Climate change speeding glaciers into cement

By Thomas Gaulkin | July 10, 2019

About 10 percent of the annual sediment contribution delivered to the global oceans comes from the Greenland ice sheet. Credit: Nicolaj Kroeg Larsen

If you catch a bit too much sun playing on the beach this summer, you might end up thinking thoughts like those of Donald Trump and Mike Pompeo, who’ve taken to bragging about the United States’ environmental record while salivating over climate bonanzas (read: disasters) in the melting Arctic.

One of the consequences of dwindling ice: Melting glaciers are now delivering large quantities of silt and sand—the third most exploited resource on the planet—to their Atlantic outlets. A multimedia report by The New York Times placed Henry Fountain and Ben Solomon in a dinghy navigating the outflow from the Sermeq glacier in southern Greenland to get a better look at how global warming is creating new resources at same time it eliminates others.

The pair’s written and visual depiction of the sandy shallows comes across more like the Mississippi Delta than crystalline glacial water that might be expected 50 miles from Nuuk, Greenland’s capital. “Greenland’s ice sheet delivers about 900 million tons of sediment to the waters surrounding the island each year, or about 10 percent of all the sediment delivered to oceans worldwide,“ explain Fountain and Solomon. That’s a lot, and it will keep increasing along with global average temperatures.

So what is all that sand good for? Some replenishes beaches washed away by rising seas. But most of the world’s sand goes into construction materials—in the form of 10 billion tons of concrete produced every year, overwhelmingly by China. Manufacturing concrete takes a lot of sand (about 40 percent of concrete’s total weight) and is a surprisingly significant contributor to global carbon dioxide. Around five to eight percent of emissions are created by the heating of limestone to produce cement, the key ingredient of concrete, and some experts believe that figure could rise as high as 25 percent by 2050.

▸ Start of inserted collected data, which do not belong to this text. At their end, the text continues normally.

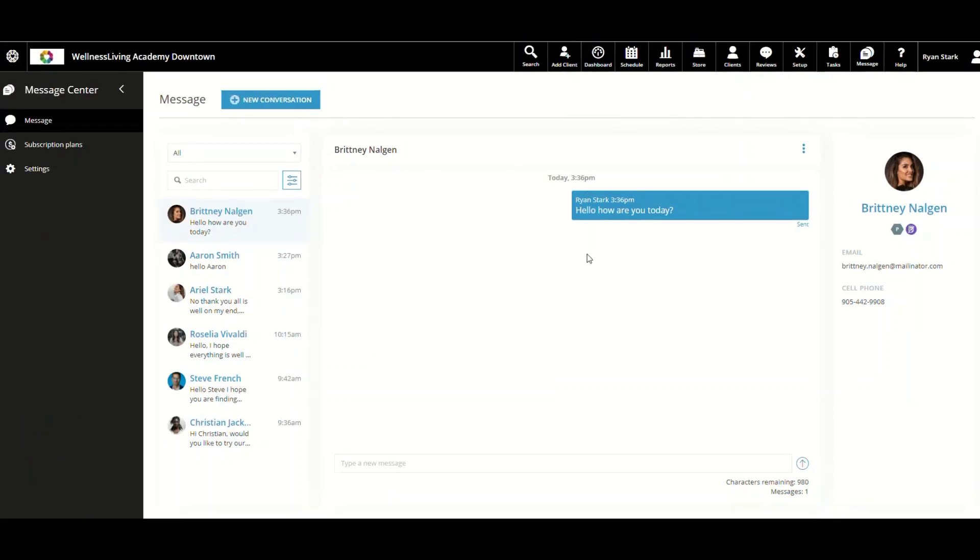Another thing to keep your eye on is the status of the message. As you can see here for this message, it says sent. It can also say pending or failed if the message fails. And that is everything for Message Center.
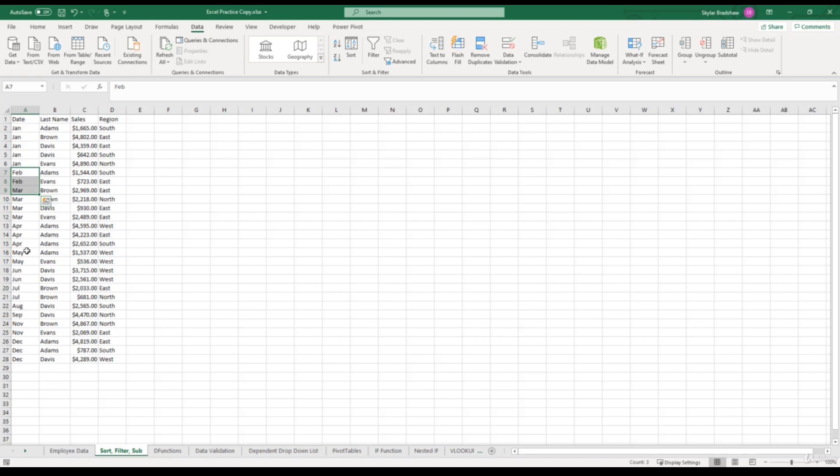So usually when it comes to date values, you can apply custom sorting. For this example, we did it with the months, but we could also do it with the days of the week. So it starts with Sunday, then Monday, Tuesday, instead of sorting them alphabetically. So applying custom sorting really allows us to analyze our data in the way that we want.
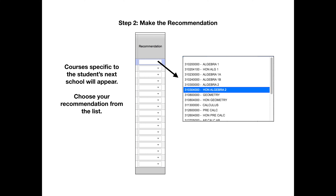The recommendation will be subject specific. So if you teach English, you will only see English classes. Math, only see math classes.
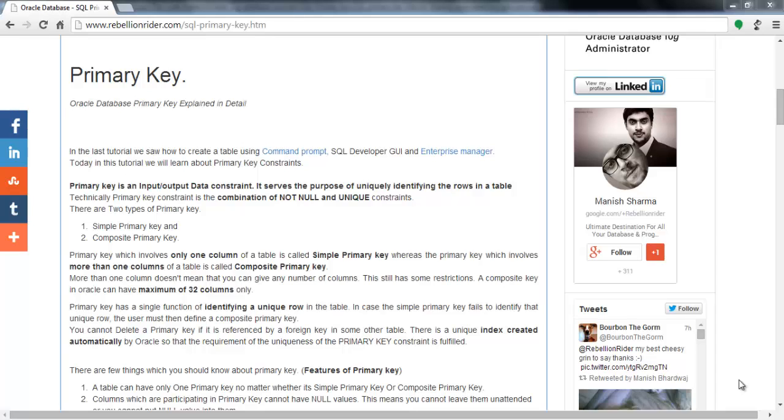What's up, here today I am Manish from RebellionRider.com and I am back once again with another SQL tutorial. Today's SQL tutorial is about primary key in Oracle Database.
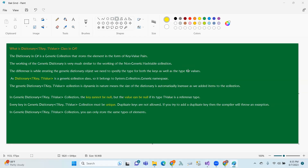Hi, hello. This is Generic Dictionary. First of all, Generic Dictionary is part of Generic Collections that stores elements in the form of key-value pairs. The key-value pair format is stored in the form of a dictionary.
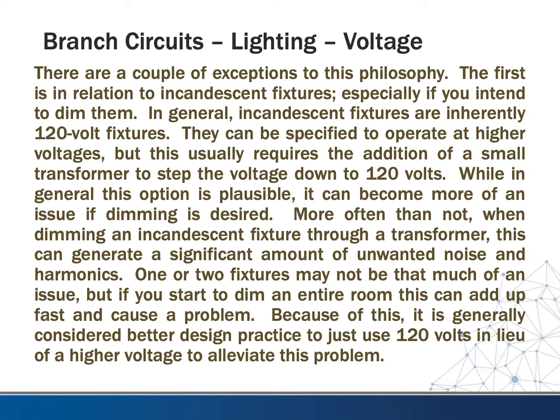There are exceptions to this philosophy. The first relates to incandescent fixtures, especially if dimming is intended. Incandescent fixtures are inherently 120-volt fixtures; operating at higher voltages requires a small step-down transformer. When dimming incandescent fixtures through a transformer, this can generate significant unwanted noise and harmonics — one or two fixtures may be manageable, but dimming an entire room can cause a real problem. Because of this, it is generally considered better design practice to use 120 volts for incandescent dimming applications.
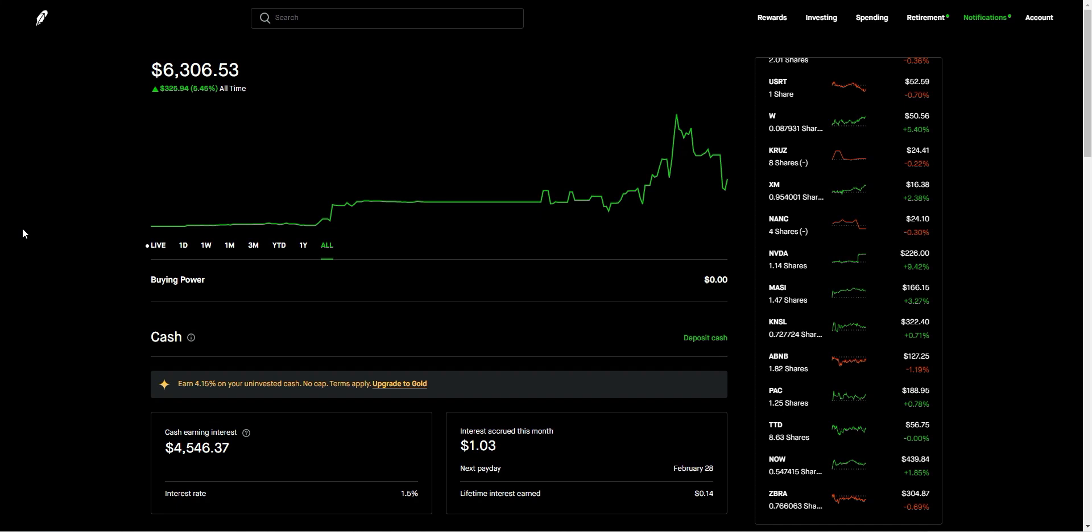First, open the app and find the stock you want to set a stop limit order for. Once you've selected the stock, click on the trade button.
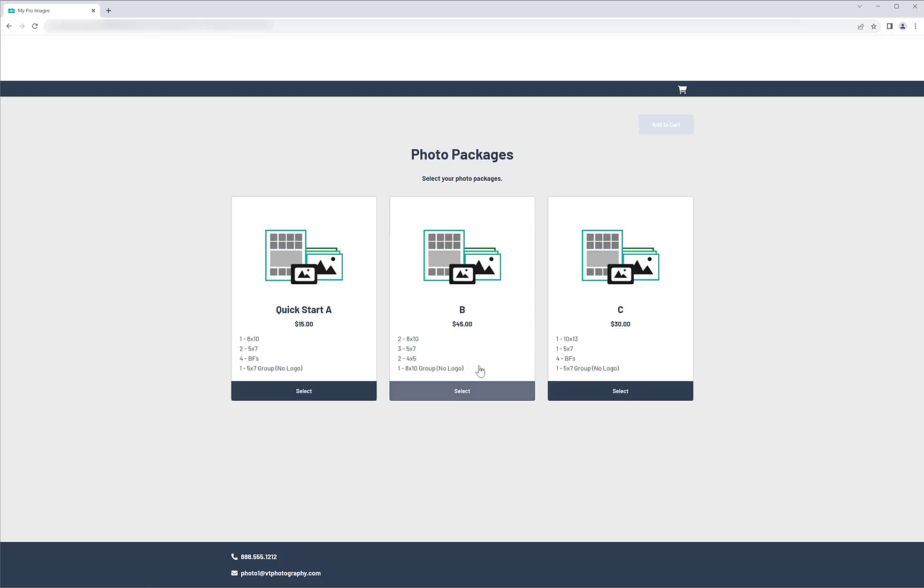The ordering process is very straightforward. The customer selects a package. Then they would fill out any required data. If it's a green screen order, they select a background.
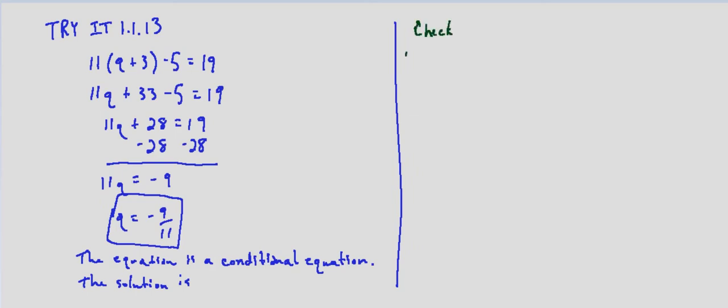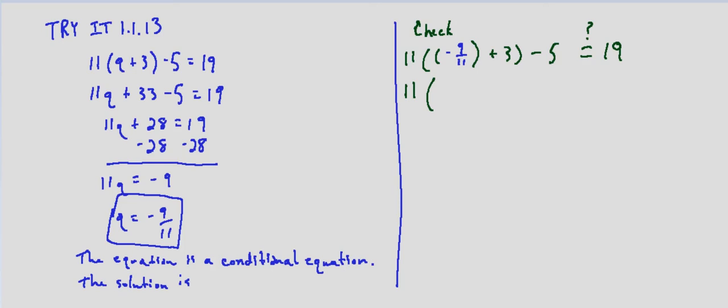Check by substituting into the original equation, 11 times negative 9/11 plus 3 minus 5, and we want to know if that ends up equaling 19. So 11 times negative 9/11 plus 3, that's the same thing as 3 times 11 is 33/11.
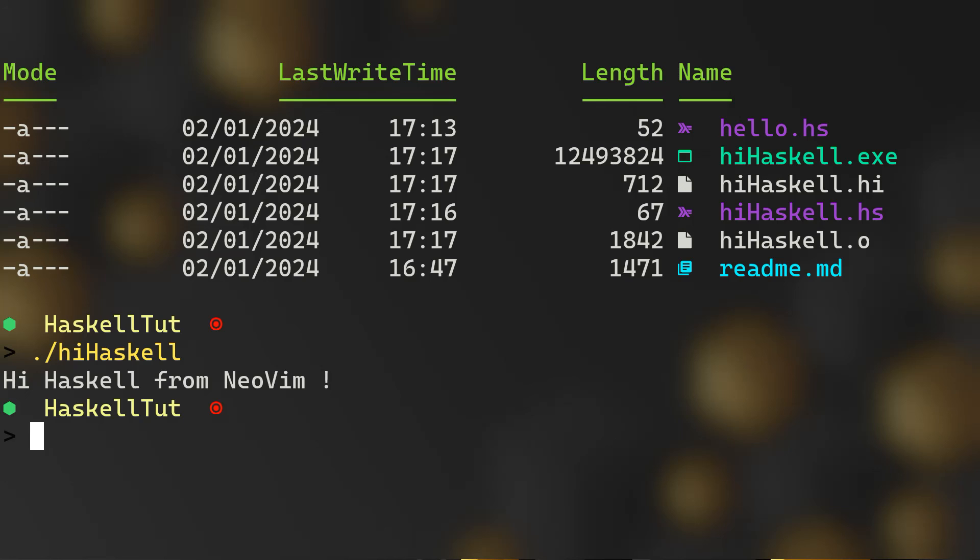All right, so those are the two ways that I wanted to show you in this video: how to simply print something in the console. We have seen that in the interpreter, the ghci, and using the ghc to compile our program into an executable and run it and print eventually to the console.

With all that dependence on sand, the world is running out of the stuff (desert sands like in the Sahara are too fine for most industrial use). And like many problems related to climate change, there are knock-on effects. For example, sand mining (already dangerous in itself) is eroding and collapsing riverbanks in Southeast Asia, which exacerbates flooding from rising seas caused by melting Arctic and Antarctic ice.

On the bright side, Reuters reported last week on efforts by US state and local authorities to sequester carbon emissions by using carbon-injected concrete with less cement—sand still required. If these new measures somehow help limit global heating and prevent Alaska from turning into Acapulco, hungry speculators like Pompeo might be happy to explore other opportunities: A worm recently discovered in Philippine rivers eats rocks and promptly excretes it—as sand.